I`m not keen on the strap but I`ve failed to locate a suitable non-leather replacement for it









BTW I rather like that Timex Knut and I love that Stowa `Q`


----------



## hakim (Sep 13, 2004)

Still O&W Flieger today.

Changed to a croc strap. Looks classier methinks


----------



## Russ (Feb 7, 2006)

1970 Omega Seamaster Chronostop Cal 865


----------



## williamsat (Feb 21, 2005)

Oris today


----------



## Boxbrownie (Aug 11, 2005)

marius said:


> I like that Rolex too. It looks more like a Seiko and less than a traditional Rolex!
> 
> (Ok, I am gone...
> 
> ...


Yes I thought it looked good for a Rolex too!

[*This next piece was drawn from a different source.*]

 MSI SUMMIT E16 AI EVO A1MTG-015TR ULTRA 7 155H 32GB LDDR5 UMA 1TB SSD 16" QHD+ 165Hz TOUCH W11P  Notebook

Very cool looking watch......so much neater without the date.

Best regards David

Oh yeah....again today it's X-33 time.....when I get home....who knows? Later.........


----------



## AlexR (May 11, 2003)

I have no pic of what I am wearing,but I will tell you anyway









Near NOS 1960's Omega Constelation Chronometer,silver dial.On a NOS Omega bracelet.

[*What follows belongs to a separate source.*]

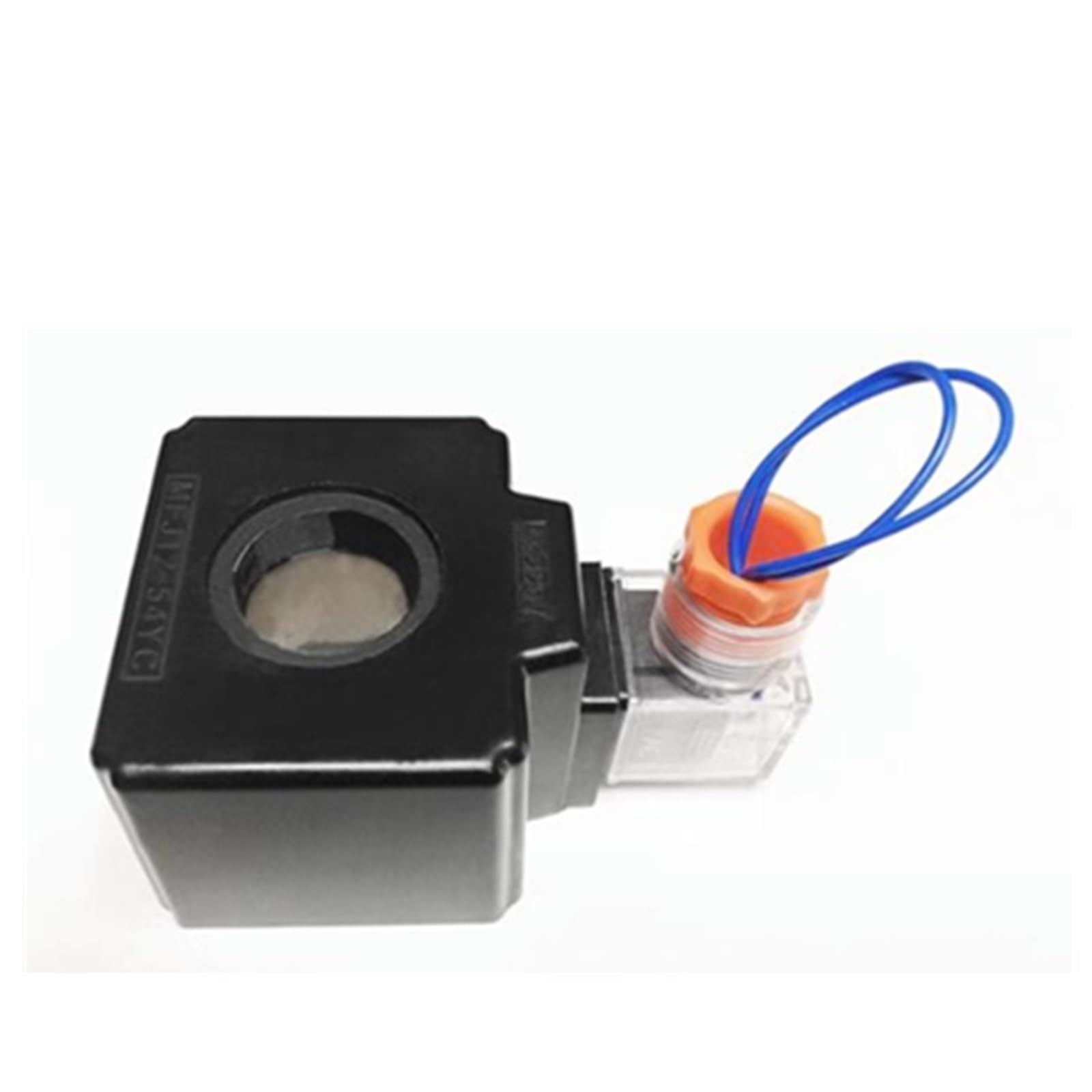 Zone Solenoid Valve, Hydraulic Solenoid Valve Coil MFJ12-54YC AC 220V AC 110V (AC 220V)(AC220V)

Oh forgot to add.Its not a quartz


----------



## Boxbrownie (Aug 11, 2005)

AlexR said:


> I have no pic of what I am wearing,but I will tell you anyway
> 
> 
> 
> ...


need a pic, that sounds very tasty


----------



## raketakat (Sep 24, 2003)

AlexR said:


> I have no pic of what I am wearing,but I will tell you anyway
> 
> 
> 
> ...


I can see it in my mind's eye







. Very nice, but you should put some clothes on Alex







.


----------



## AlexR (May 11, 2003)

I will get a pic done later,as soon as I give it a good rub


----------



## nchall (May 9, 2004)

Nice Rolex, Paul.

Russian for me today.










Regards,

Nick


----------



## Alexus (Apr 9, 2003)

This Longines for me today.










Have a great weekend everyone.

I'll be watching Korea v's Switzerland on an big screen outdoors

with millions of other 'Red Devils' in downtown Seoul at 4:am Saturday morning.

Alexus


----------



## Dave ME (May 7, 2005)

Beautiful watch, Paul, probably the Rolex I'd most like to own (I have a Zeno Explorer to keep the cravings at bay...).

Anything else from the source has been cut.